─── Task inputs ───
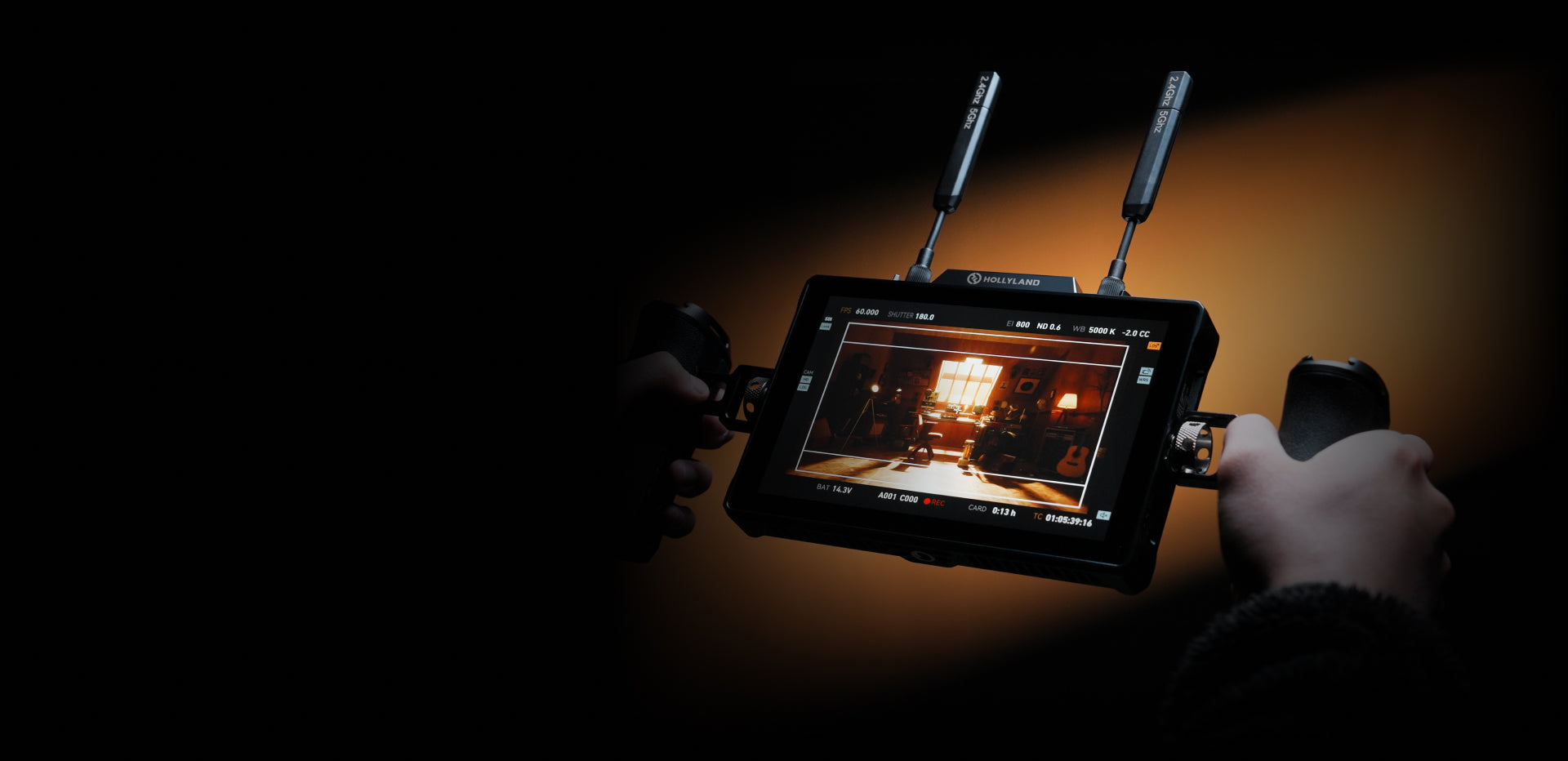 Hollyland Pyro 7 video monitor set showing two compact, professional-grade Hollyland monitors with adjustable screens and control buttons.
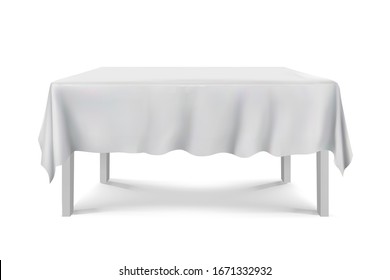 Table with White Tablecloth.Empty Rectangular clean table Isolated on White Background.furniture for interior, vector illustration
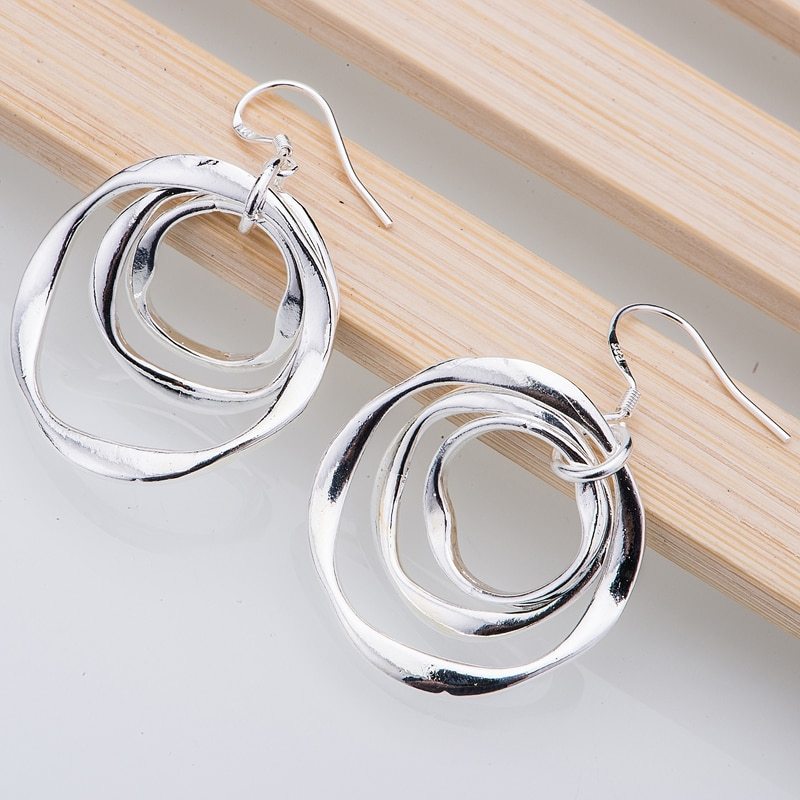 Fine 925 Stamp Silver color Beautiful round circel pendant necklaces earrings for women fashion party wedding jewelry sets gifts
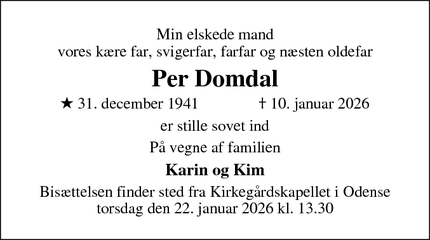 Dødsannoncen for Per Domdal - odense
───
─── Task inputs ───
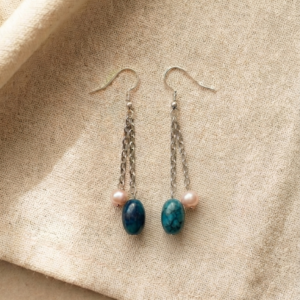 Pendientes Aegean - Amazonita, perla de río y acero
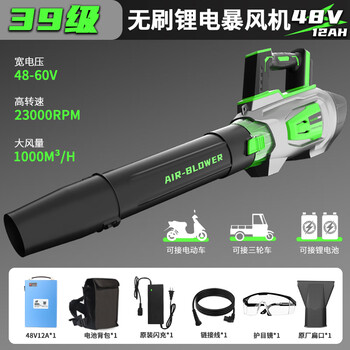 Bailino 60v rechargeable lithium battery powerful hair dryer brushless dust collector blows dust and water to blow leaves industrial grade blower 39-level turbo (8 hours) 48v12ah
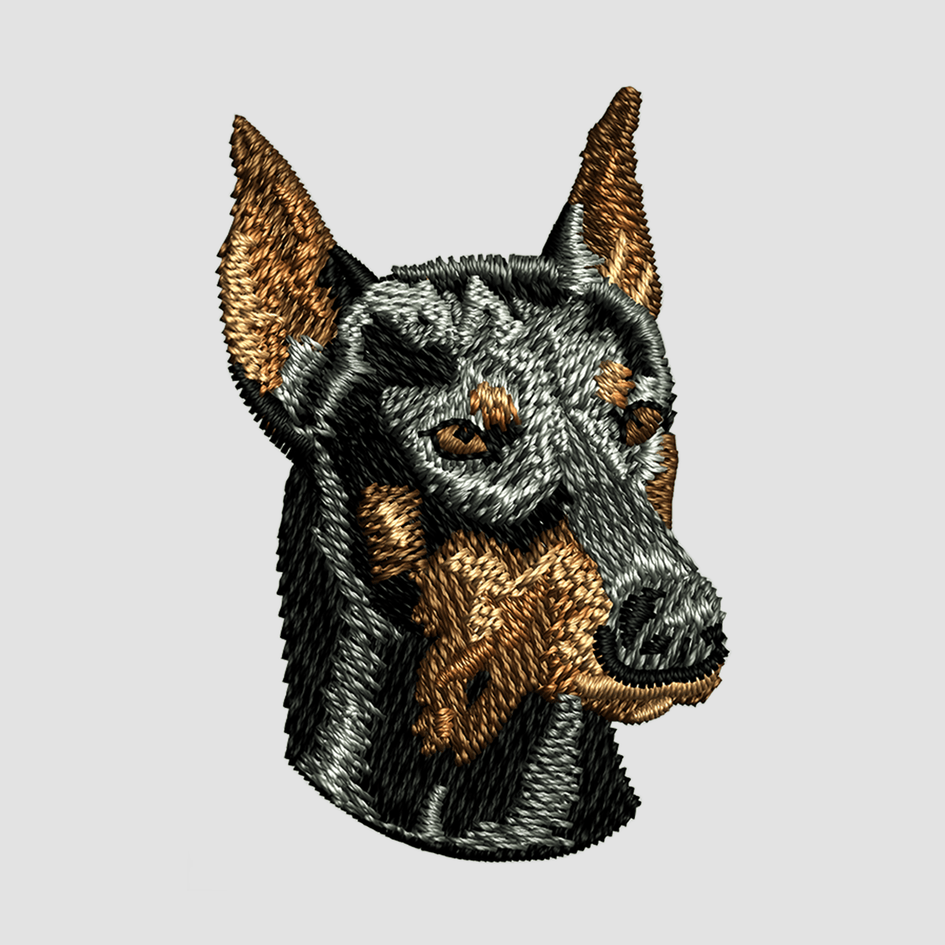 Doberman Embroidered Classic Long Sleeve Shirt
───
─── Task inputs ───
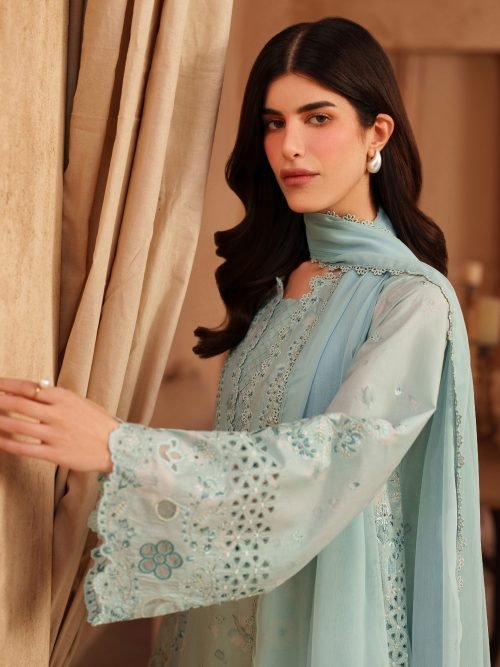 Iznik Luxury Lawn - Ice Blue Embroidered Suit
───
*Description of the task*.
Both boundary lines included, write out word for word only the lines above from the one containing "Hollyland Pyro 7" to the one containing "Dødsannoncen for Per Domdal - odense", leaving out any pictures.

*Exercise result*.
 Hollyland Pyro 7 video monitor set showing two compact, professional-grade Hollyland monitors with adjustable screens and control buttons.
 Table with White Tablecloth.Empty Rectangular clean table Isolated on White Background.furniture for interior, vector illustration
 Fine 925 Stamp Silver color Beautiful round circel pendant necklaces earrings for women fashion party wedding jewelry sets gifts
 Dødsannoncen for Per Domdal - odense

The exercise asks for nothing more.